**WHAT IS NEEDED:** From the records that follow, return exactly the lines beginning at the one that contains "Soccer Player Blue/White" and ending at the one that contains "18 mm silikonikellon", pictures left out.

**GIVEN INFORMATION:**
--- START ---

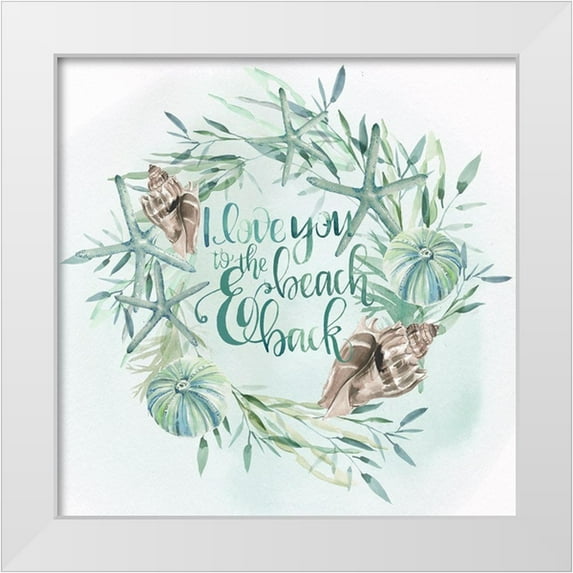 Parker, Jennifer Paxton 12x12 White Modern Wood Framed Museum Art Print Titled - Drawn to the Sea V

--- END ---
--- START ---

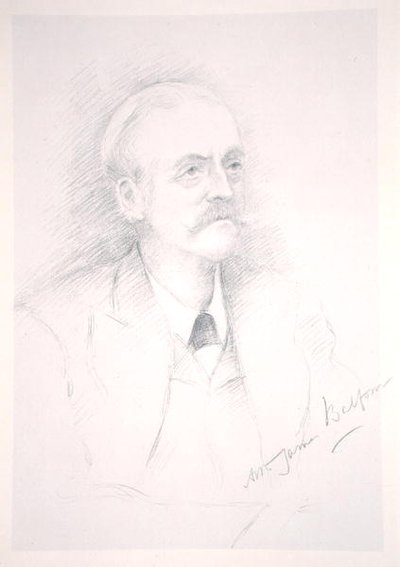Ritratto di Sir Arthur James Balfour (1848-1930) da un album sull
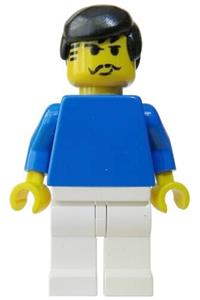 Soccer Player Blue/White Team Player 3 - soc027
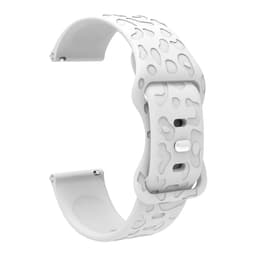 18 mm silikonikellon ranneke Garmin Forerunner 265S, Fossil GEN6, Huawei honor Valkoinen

--- END ---

**TASK ANSWER:**
 Soccer Player Blue/White Team Player 3 - soc027
 18 mm silikonikellon ranneke Garmin Forerunner 265S, Fossil GEN6, Huawei honor Valkoinen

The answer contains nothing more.